12. Quanto al rigetto della domanda di permesso di costruire in sanatoria, non emergono né lacune istruttorie né carenza sotto il profilo della motivazione assunta a fondamento della determinazione adottata dall’amministrazione. Come risulta dal provvedimento di rigetto agli atti del giudizio di primo grado, le zone B2 e B3 del PRG sono “ vincolate alla conservazione dei volumi esistenti ”, essendo consentii solo interventi di ristrutturazione a parità di volumi esistenti destinati a residenza. Inoltre, << dai grafici della licenza edilizia n.622 del 16/9/60 si rileva che al quarto piano doveva esistere un’unica unità abitativa mentre dal riscontro degli atti catastali depositati presso il catasto in data 18/9/62 le unità abitative sono in numero di due e, quella contraddistinta dal sub. 20, non contempla l’ampliamento di cui alla richiesta di accertamento;che trattasi di un incremento di volumetria effettuato nella zona B2 >>.
12.1. Ne deriva, dunque, l’evidente assenza del requisito della c.d. doppia conformità, prescritto dalla normativa di riferimento quale presupposto imprescindibile per accedere alla sanatoria ordinaria.
13. Vanno disattese anche le deduzioni proposte avverso l’irrogazione della sanzione pecuniaria, per la cui quantificazione sono stati applicati i criteri approvati con la delibera commissariale n. 9 dell’8 ottobre 2015 che, peraltro, non ha costituito oggetto di impugnazione, dovendosi escludere che la mera pendenza del giudizio proposto avverso gli atti antecedenti dall’interessata costituisca circostanza preclusiva all’irrogazione di detta sanzione, risultando ininfluente anche l’assenza di vincoli paesaggistici insistenti sull’area interessata dall’intervento abusivo, venendo in rilievo un’attività doverosa dell’amministrazione in applicazione della disciplina di riferimento. Correttamente, inoltre, il primo giudice ha escluso l’obbligo di comunicazioni preventive, per le ragioni rilevate nella sentenza impugnata, rimaste insuperate anche nel giudizio di appello, non sussistendo neppure lacune sotto il profilo della motivazione, in considerazione delle precedenti determinazioni adottate dall’ente locale.

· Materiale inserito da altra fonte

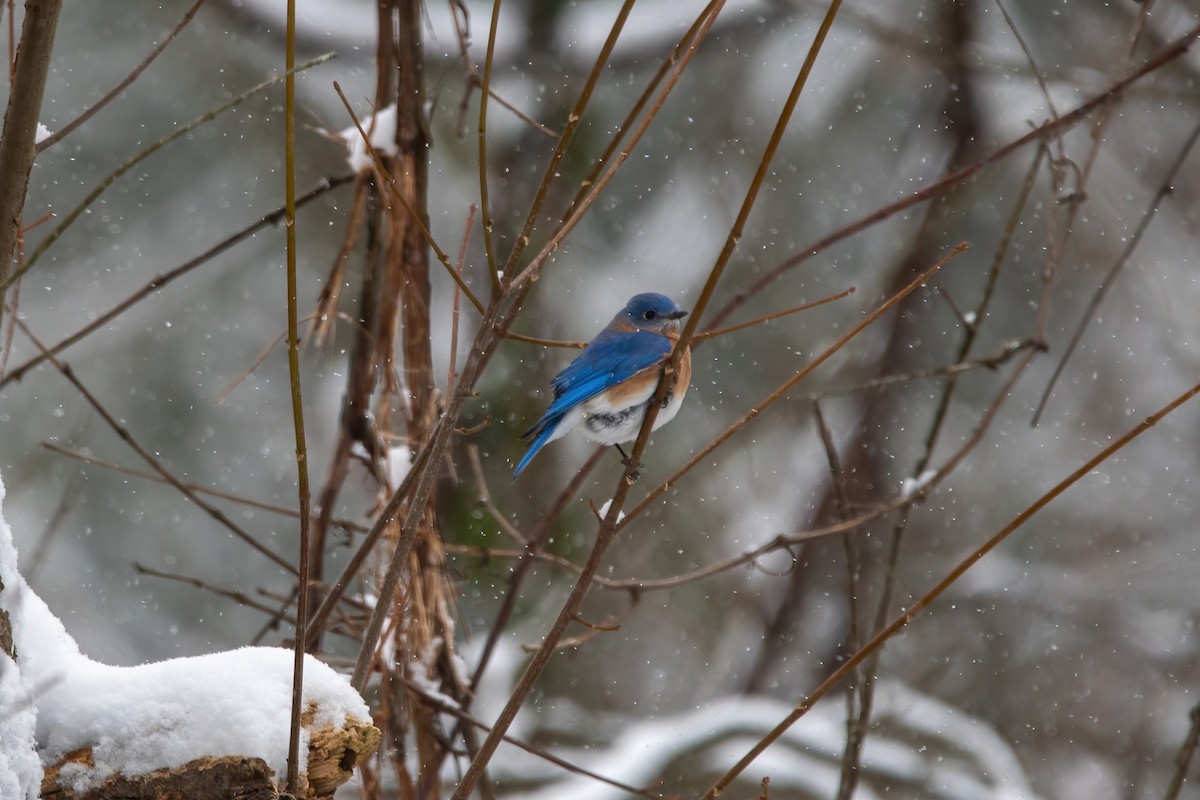 Eastern Bluebird - ML613737875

14. Con riferimento alla disposta acquisizione del bene al patrimonio comunale, contrariamente a quanto sostenuto dall’appellante e come, invece, chiaramente rilevato dal primo giudice, detta acquisizione non ha avuto ad oggetto l’immobile nella sua integralità bensì solo le opere abusive sanzionate con il provvedimento di irrogazione della sanzione demolitoria rimasto ineseguito, come reso evidente tanto dall’espresso riferimento al “diritto di accesso” al bene che si giustifica proprio nella considerazione della limitata acquisizione disposta, quanto dalla puntuale indicazione degli estremi catastali relativi alla sola unità abitativa abusiva (sub. 21).

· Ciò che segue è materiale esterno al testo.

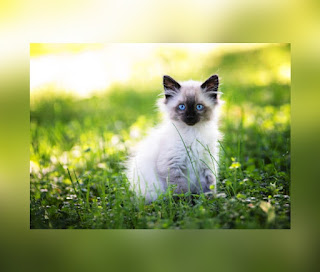 This is an illustration of the a cat from the Birman Breed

14.1. Nel rilevare, inoltre, l’inammissibilità delle deduzioni nuove proposte in violazione del divieto di cui all’art. 104 c.p.a., non essendo stata formulata nel ricorso per motivi aggiunti di primo grado alcuna contestazione specificamente riferita al cumulo della sanzione pecuniaria con quella dell’acquisizione, il Collegio evidenzia che il provvedimento acquisitivo si pone quale diretta conseguenza dell’accertata inottemperanza dell’ordine di demolizione delle opere abusive, risultando, dunque, non pertinente il riferimento dell’appellante al principio di proporzionalità, tenuto segnatamente conto della natura e della consistenza delle opere abusive (secondo quanto già evidenziato nei capi precedenti capi della presente pronuncia), nonché irrilevante la destinazione delle stesse.

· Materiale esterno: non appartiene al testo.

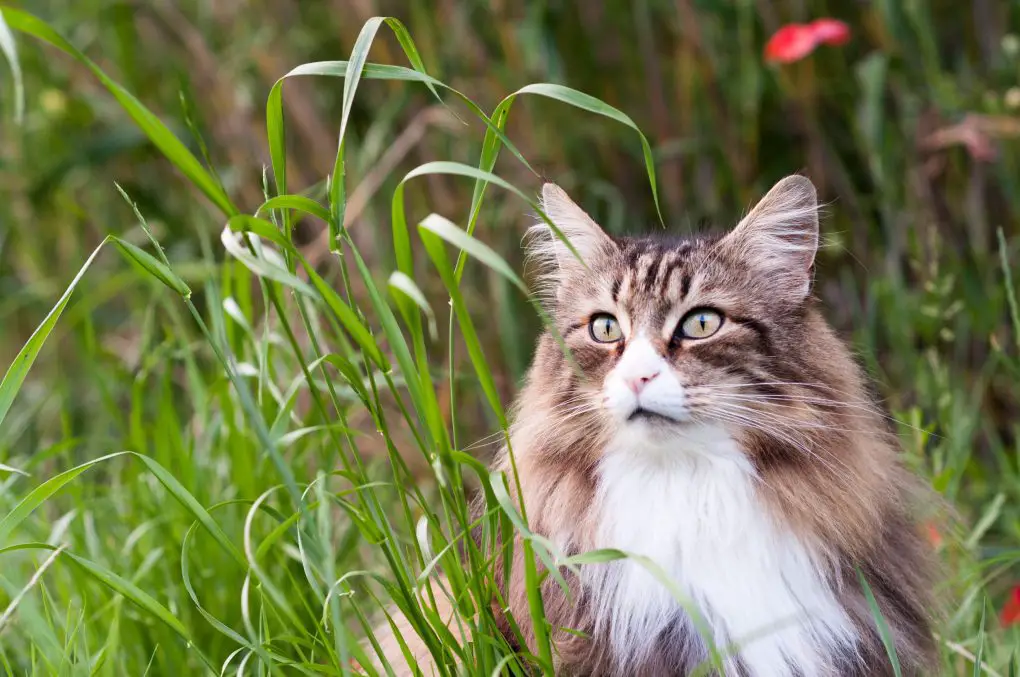 Are Norwegian Forest Cats Rare: Why This Breed Is Uncommon and Its ...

14.2. Quanto esposto esclude, inoltre, la fondatezza delle deduzioni dirette a contestare la carenza di motivazione del provvedimento con il quale è stata disposta l’acquisizione del bene al patrimonio comunale, la quale integra un provvedimento vincolato in relazione al quale l’amministrazione non esercita valutazioni di carattere discrezionale.
15. In conclusione, per le ragioni sopra esposte, l’appello deve essere respinto.
16. Non vi è luogo a provvedere sulle spese del presente grado di giudizio in quanto l’amministrazione comunale appellata non si è costituita.